Just for a second, I saw them, as if in a child's picture book or one of those Anne Geddes baby-as-cauliflower-type photo montages.  Legion, the lot of them.  Some in crisp black and white, Rogers and Nancys with white, salt-crusted headstones, all little lambs and angels.  Others were more Technicolour, like the garish, blurry snapshots of my own childhood...a Jason, a Robin, a "beloved baby boy".  One, much newer, I recognized; the newborn girl with the hole in her heart, the first baby I ever knew who died.  Across the sweeping hill in the older part of the cemetery I could see their compatriots...almost too many to count, dim and sepia, names obscured or hopelessly ancient, buried with young mothers or the siblings who followed in a series like stepping stones of sorrow.  For a second in the peace of the cemetery, I could see them all, each one a story, a whole life anticipated, condensed to a few dates and letters on a stone.  Each one a silent, plaintive testament to thethreshold we living things must traverse...into life, some way or another, and out.  For too many, the challenge insurmountable, the dates identical, cut short.

I do not go to the cemetery very often.  My own child is not there...we cremated him, still hoard the ashes in our bedroom with ambivalence, unsure of how to stage a letting go.  But I have known this place since my earliest years, when the grandmother whose bones lie here was alive and the guardian of the family stones, and I her charge, her companion in the regular pilgrimages of caregiving.  I fetched water from the old pump and dragged it to black, faded headstones of people even she barely remembered, fetched again and helped water the graves of her husband and brother and parents, all gone before I'd been born.  I listened and learned my family history in this place. 

While she weeded, though, I ran wild...and it was the childrens' graves that fascinated me.  I spun stories to myself about the children they represented, these names on the small stones.  I knew them, could have led a tour around the cemetery from Douglas to "wee Elmer" - though I was agog at the idea that an infant had ever been named Elmer - through the ones whose names were already crumbled away.  Rapt with the morbidity of childhood, I wondered about them all, spoke to them, flitted amongst them w eekly through years of summer afternoons while my grandmother tended the geraniums of people I'd never meet.

I drove through the cemetery on a whim, Friday, nearby and suddenly guilty because my grandmother has no geraniums to mark her place, now.  I stopped, and stood by her grave, staring at her name on the headstone, assessing...her name will be one of my daughter's names when this child crosses the threshold into whatever awaits.  I spoke to her, then, my grandmother, though I do not believe she's really there...spoke with love and awkwardness mixed, like a shy suitor.  I speak to Finn the same way, self-conscious; I do better listening for the dead than trying to hold up my end of the conversation.  Then I sat down by my grandmother's grave and drifted for a minute, feeling closer to her in calling up memories of her hands in the soil beside me.

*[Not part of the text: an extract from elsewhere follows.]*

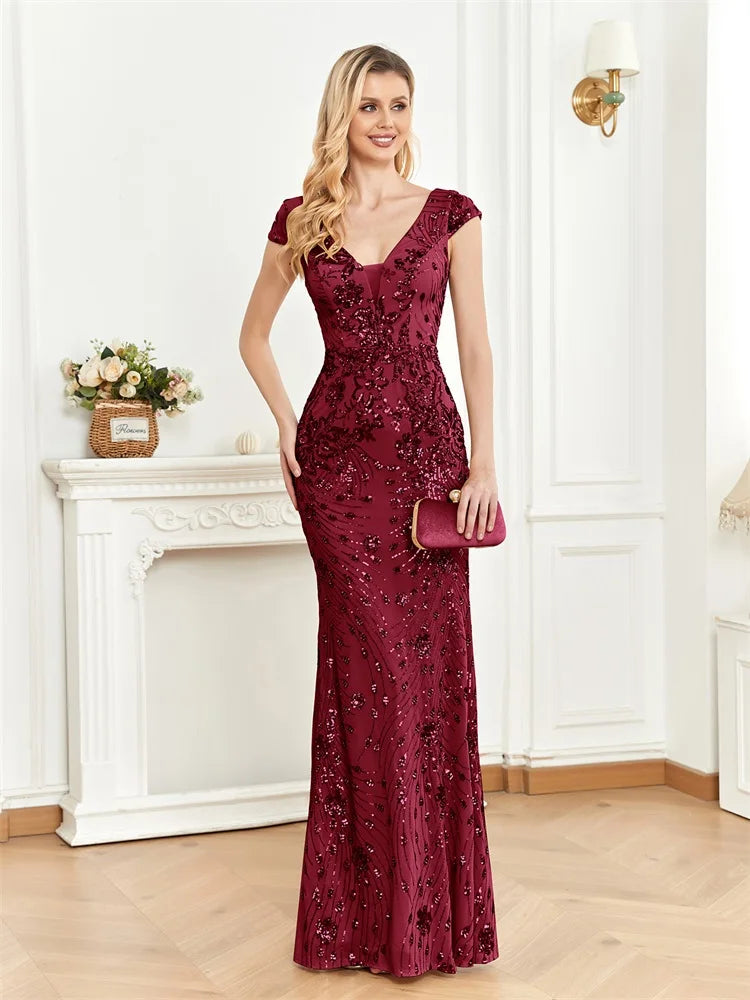 Robe de soirée sirène brodée col V – CLEVI Paris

That's when I saw them, all the babies.  My eyes caught on the first stone, three rows back and a few over, where it always was. It is a baby's stone, one where the dates, like Finn's, are only a day apart.   Nearly sixty years old now, that story, that loss.  I realized that the parents of that child are probably long dead themselves now, gone beyond whatever remained of their sorrow to the same side of the threshold as the baby they marked with a sandstone lamb.  And I looked to the left, where I knew the next stone would be, and suddenly for that one moment I felt like I could see them all, every one of them laid here, too small or too sick or just gone for no reason anyone will ever know.  They were neither beautiful angels nor objects of sorrow, of absence...just babies and children, real for a moment.  And time, finally, seemed to have made peace with them.

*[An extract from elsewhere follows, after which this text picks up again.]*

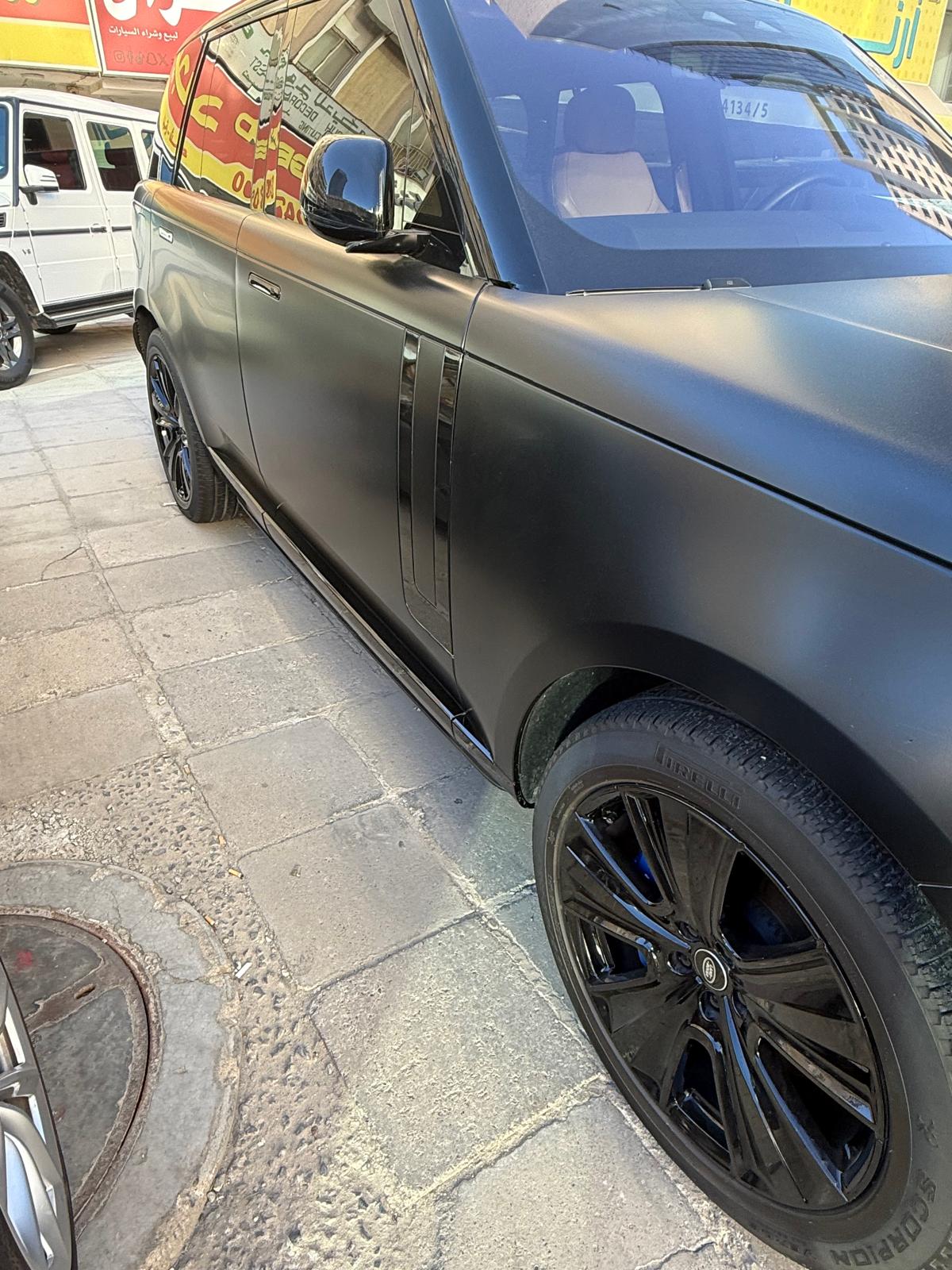 Range Rover Vogue - Sourcing MDLA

I wonder if, sixty years from now, when we here are mostly just memory, if the sting of our stories will go with us...if the words we leave here will bear witness only to love, to moments lived?

I long for that.

 

where have you been, my blue-eyed son?

oh, where have you been, my blue-eyed son?
oh, where have you been, my darlin' young one?

- A hard rain's a-gonna fall
Bob Dylan

I used to daydream, in the dark early days, that i could see him in the faces of little boys i saw in stores, or playing in the park.  I'd never paid much attention to little boys, before...but suddenly the veil of my disinterest lifted and they seemed to be legion, be everywhere, all knees and ears and motion swirling on the periphery of my world.  Other people's boys.  They brought me up short, made me catch my breath with wonder and longing.  Would he have tilted his head like that, held his arms just so?  Would the dark fuzz of his baby hair have grown into cowlicks, like that one's?  Would he have had a husky laugh?  Would he have come running into my arms pell-mell like the little fellow who nearly knocked me off my feet one day at the mall, racing towards his mother, squealing?  Would he have liked my stories, my tune-challenged guitar-playing?  Would he have had a crooked smile?

Every boy I saw, I wondered, and I ached.  Too late, I had discovered the beauty of boyhood for the first time, and I could not tear my eyes away.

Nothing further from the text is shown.